According to a recent Charles Schwab survey on modern retirement, most people (69 percent) start saving for their post-career life in their twenties and thirties. The same study also found that aspiring retirees saved an average of $920,000. Who among us would choose to risk losing almost a million dollars — a lifetime of savings?
You might be surprised. Despite having good intentions and a cautious mindset, countless savers trust their hard-earned retirement funds to financial professionals who aren’t obligated — or interested — in putting their financial interests first.
Why? The answer comes down to a misunderstanding of terms.
If you were to ask the average person what the difference is between a financial advisor and a broker, they would probably accuse you of asking them a trick question and say that the two words are one and the same. The two words have achieved near-synonymy in recent years, with most non-finance conversationalists using them interchangeably.
But this conflation is a dangerous mistake. A financial advisor and a broker are different professionals with entirely different goals.
Financial Advisor vs. Broker
A financial advisor — or, more specifically, a Registered Investment Advisor — is held to the fiduciary standard. They are required by law to offer impartial guidance and put the client’s financial interests ahead of their own.
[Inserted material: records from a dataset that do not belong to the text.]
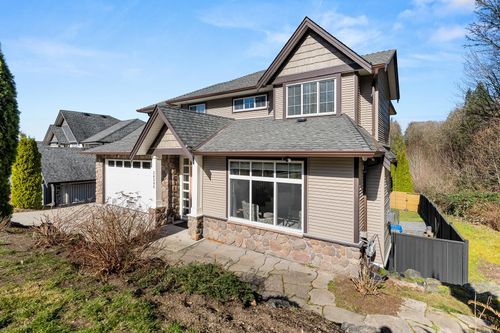 36395-westminster-drive-abbotsford-east-abbotsford-02 at 36395 Westminster Drive, Abbotsford East, Abbotsford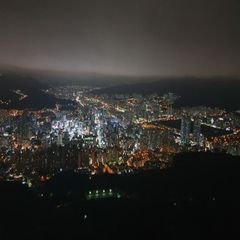 프로필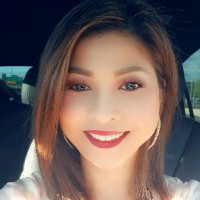 Accident Care Chiropractic and Massage Employee Alexis Lee's profile photo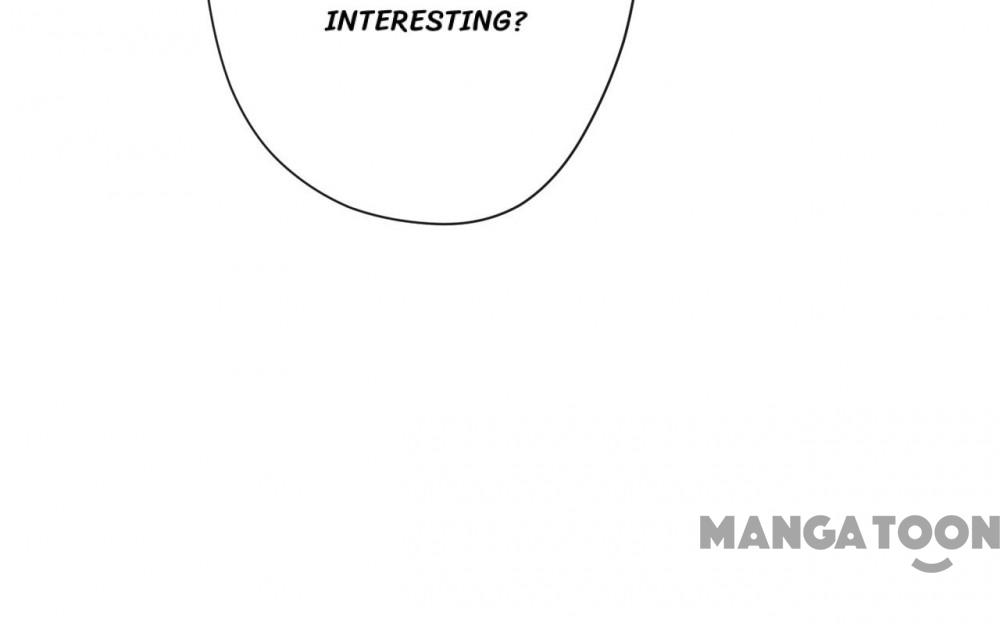 Madam and Her Daily Online Face-Slapping Chapter 29 - Page 7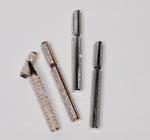 Private Logo Luxury Eyeliner Glue Pen Waterproof Packaging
An advisor’s compensation structure typically aligns an advisor’s motivations with their clients’, as well. While these professionals can technically be paid by the hour or service, they usually receive a percentage of a client’s portfolio. Generally, this portion comes to about 0.25 percent per quarter or 1 percent annually. This arrangement means that the advisor’s earnings only rise when yours do.
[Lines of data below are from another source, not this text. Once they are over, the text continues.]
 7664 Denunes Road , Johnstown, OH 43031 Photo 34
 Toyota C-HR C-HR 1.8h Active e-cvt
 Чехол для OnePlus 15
Brokers, in contrast, do not need to adhere to a fiduciary standard. They only need to abide by a suitability standard — i.e., provide options that technically suit the client’s needs. However, they do not need to offer products that fit the client’s ideal budget and goals.
Moreover, because brokers tend to earn on commission, they’ll make more money off your account than financial advisors do. If a broker were to invest your money in a stock, you might be charged five percent upfront. If the stock goes up, you benefit. But if it goes down, the broker has already been paid and will be paid again when he sells you on another product.
What Does the Difference Mean for You?
I don’t mean to say that brokers can’t be useful. Their position in the industry gives them invaluable insights into the market, which, in turn, allows them to provide savvy advice on investing decisions. It’s certainly possible to form a long-lasting and lucrative connection with a broker; many people do so!
But if you want to work with a financial professional who truly has your best interests at heart — one who takes your financial goals and risk tolerance into consideration when offering products — you should opt for the fiduciary advisor. You worked hard for your retirement accounts; why would you hand them off to someone who doesn’t value them as much as you do?